Experienced citizenship matters officer Koidu Mesilane, who took part in the meeting with the minister, said that officials were not ordered to do so. “I cannot imagine a minister giving orders to a rank and file official these days,” Mesilane said. Nevertheless, she turned to the archives.

Because the archives make no mention of Anvelt’s grandmother on his father’s side Alise/Alice Lewald having relinquished Estonian citizenship, Mesilane was convinced the interior minister is a citizen by birth through his father and grandmother. A correction was made to the citizenship database and Anvelt became a citizen by birth.

This correction sparked articles from historians Jaak Valge and Andres Aule.

While an interior ministry official might be convinced of Anvelt’s citizenship by birth, the PPA has come to the opposite conclusion regarding at least one person. That person is Igor Muttik, born in Russia, whose story Postimees printed last year. “I’m an Estonian by birth,” the London professor believes, just like Anvelt.

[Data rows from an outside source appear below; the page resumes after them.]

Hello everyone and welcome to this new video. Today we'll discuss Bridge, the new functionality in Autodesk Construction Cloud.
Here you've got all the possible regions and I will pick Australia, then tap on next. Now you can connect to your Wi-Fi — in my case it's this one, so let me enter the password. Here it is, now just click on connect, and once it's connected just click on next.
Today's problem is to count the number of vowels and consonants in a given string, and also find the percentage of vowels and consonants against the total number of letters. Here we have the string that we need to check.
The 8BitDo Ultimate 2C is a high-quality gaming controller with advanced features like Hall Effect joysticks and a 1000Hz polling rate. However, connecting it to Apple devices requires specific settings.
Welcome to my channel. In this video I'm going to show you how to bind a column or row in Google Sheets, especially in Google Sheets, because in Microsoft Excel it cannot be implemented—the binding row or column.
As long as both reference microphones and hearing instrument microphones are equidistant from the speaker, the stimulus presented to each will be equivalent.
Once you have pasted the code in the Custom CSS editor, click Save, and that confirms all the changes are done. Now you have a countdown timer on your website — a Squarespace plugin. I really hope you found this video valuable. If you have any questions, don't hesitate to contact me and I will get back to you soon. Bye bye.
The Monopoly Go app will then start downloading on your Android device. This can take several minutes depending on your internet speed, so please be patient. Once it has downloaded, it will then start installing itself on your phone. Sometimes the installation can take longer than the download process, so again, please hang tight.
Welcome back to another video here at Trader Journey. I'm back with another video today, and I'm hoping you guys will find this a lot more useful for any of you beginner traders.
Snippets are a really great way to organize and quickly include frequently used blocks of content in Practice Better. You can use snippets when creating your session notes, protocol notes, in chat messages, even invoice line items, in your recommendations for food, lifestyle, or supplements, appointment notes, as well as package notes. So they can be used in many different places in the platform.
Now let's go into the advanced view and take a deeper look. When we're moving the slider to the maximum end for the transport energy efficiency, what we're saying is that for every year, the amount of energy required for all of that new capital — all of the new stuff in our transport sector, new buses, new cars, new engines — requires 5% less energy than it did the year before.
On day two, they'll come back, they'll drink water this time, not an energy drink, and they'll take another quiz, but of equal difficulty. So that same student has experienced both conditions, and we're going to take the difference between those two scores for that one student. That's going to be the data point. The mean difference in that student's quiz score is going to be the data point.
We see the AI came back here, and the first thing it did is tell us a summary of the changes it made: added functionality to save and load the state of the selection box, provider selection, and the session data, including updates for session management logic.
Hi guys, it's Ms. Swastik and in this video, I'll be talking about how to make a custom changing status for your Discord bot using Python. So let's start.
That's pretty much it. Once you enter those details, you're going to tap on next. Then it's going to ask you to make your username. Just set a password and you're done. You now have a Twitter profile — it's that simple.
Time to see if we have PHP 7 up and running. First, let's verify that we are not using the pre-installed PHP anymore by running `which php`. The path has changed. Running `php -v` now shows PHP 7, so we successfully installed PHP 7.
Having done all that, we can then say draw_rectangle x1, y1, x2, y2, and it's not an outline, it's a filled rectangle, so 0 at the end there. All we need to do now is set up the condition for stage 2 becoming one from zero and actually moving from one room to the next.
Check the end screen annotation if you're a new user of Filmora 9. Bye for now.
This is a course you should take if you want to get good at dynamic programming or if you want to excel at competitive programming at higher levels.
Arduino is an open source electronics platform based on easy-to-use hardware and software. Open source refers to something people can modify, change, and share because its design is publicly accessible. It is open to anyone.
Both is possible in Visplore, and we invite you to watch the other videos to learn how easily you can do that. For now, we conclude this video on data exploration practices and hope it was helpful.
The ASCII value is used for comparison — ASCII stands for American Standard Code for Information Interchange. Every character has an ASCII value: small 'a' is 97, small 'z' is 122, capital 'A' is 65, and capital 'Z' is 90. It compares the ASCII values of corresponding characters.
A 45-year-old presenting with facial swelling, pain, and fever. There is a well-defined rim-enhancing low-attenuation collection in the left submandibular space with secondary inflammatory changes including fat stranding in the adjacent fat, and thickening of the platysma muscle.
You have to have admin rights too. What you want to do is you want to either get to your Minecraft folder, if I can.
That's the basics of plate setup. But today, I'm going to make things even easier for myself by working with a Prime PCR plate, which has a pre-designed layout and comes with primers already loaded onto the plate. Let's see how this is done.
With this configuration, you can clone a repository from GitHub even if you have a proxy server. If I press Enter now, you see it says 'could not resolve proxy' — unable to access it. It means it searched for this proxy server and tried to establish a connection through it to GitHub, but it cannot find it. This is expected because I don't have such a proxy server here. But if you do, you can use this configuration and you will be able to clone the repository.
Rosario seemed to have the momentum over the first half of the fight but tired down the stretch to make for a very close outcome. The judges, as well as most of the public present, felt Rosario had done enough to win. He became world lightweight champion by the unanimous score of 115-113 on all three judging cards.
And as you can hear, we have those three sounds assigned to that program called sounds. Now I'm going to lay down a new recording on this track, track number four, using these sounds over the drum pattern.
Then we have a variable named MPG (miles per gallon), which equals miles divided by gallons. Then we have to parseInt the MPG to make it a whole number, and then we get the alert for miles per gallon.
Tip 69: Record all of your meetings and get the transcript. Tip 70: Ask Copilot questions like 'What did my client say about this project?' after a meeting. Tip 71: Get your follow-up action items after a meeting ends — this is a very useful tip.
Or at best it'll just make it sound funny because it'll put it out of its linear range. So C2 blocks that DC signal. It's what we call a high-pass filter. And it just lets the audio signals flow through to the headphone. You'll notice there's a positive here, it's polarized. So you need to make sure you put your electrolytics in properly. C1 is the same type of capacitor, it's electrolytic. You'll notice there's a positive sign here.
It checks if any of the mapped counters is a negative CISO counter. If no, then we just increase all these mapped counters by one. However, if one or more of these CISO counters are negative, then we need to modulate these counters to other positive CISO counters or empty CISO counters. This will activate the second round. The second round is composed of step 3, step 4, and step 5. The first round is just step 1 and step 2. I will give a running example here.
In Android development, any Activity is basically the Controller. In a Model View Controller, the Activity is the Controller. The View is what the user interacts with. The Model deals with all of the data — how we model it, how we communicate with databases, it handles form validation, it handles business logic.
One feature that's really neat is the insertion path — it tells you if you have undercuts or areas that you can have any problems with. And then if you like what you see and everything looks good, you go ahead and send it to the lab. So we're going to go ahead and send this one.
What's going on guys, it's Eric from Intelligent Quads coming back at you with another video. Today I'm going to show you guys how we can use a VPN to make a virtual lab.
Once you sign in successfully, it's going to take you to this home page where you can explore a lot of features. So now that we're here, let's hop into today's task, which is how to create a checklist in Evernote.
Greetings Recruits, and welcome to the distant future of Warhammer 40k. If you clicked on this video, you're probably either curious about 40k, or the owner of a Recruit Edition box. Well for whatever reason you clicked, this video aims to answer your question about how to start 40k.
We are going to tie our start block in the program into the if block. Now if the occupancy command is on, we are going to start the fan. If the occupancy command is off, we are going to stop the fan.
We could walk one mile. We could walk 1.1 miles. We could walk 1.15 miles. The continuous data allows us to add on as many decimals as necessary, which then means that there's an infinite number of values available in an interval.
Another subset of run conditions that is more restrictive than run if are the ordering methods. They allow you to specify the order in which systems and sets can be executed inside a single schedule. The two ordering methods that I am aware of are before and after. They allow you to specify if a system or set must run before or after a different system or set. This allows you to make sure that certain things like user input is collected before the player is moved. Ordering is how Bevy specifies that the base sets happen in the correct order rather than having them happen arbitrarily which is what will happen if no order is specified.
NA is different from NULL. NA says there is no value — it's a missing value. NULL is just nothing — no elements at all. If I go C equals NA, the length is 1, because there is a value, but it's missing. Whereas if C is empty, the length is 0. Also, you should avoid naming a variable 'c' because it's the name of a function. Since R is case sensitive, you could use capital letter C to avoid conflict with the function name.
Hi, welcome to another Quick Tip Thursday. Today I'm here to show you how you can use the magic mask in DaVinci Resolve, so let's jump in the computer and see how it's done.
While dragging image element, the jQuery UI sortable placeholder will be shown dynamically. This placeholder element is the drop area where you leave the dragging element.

The PPA told Muttik in August of last year that his grandmother Adelaida was not an Estonian citizen as she married a man named Genrih Muttik, also born in Estonia, in Moscow in 1923.

The marriage of his grandparents, Adelaida and Genrih Muttik, became an obstacle on Igor Muttik’s road to Estonian citizenship. The PPA pointed out that the 1922 citizenship act states that female Estonian citizens will be regarded as having renounced Estonian citizenship if they do not notify the state of desire to remain Estonian citizens after two weeks of marrying a foreigner.

“The marriage certificate of Genrih Muttik and Adelaida Klenner reveals that both were Soviet citizens at the time. Therefore, even if Adelaida Klenner was an Estonian citizen, she might still have lost her citizenship as a woman who married a foreigner,” the PPA told Igor Muttik.

Different interpretations

“My grandmother was given citizenship, and there is nothing to suggest it was later taken away,” said the professor who has now given up on Estonian citizenship.

Anvelt’s grandmother also married Soviet Russian citizen Jaan Anvelt in a foreign country. “Alice Lewald left Estonia in 1925 but did not lose Estonian citizenship. Just like it is today, the 1922 citizenship act stipulated that citizenship is lost when a person is released from citizenship,” Mesilane said. She could not find a document to suggest Anvelt’s grandmother had renounced her Estonian citizenship from the National Archives. That was enough to prove the minister is a citizen by birth.

Therefore, officials sport a very different interpretation of history which is something Mesilane admits herself. She said that analyzing documents and the law from a hundred years ago is complicated and getting them to correspond to modern times even harder. This means that no one is willing to say with certainty whether Anvelt really is an Estonian citizen by birth. There are no court precedents on whether Estonian women who have married foreigners have lost their citizenship. It is also not something historians have analyzed at length.

Andres Aule, who has studied the history of Estonians in the Caucasus, wrote in yesterday’s Postimees that the question of Anvelt’s citizenship is not personal grudge, but a matter of the validity of the principles of rule of law.

In light of Muttik’s case, Mesilane finds that the state must treat everyone equally but is convinced a parent marrying a foreigner has not stopped people from qualifying for citizenship by birth.

Officials have been waiting for input from the legislator for some time to put an end to the confusion, but citizenship policy has been a topic that politicians are reluctant to touch for years. The confusion has now hit a politician in whose administrative area this set of problems lies.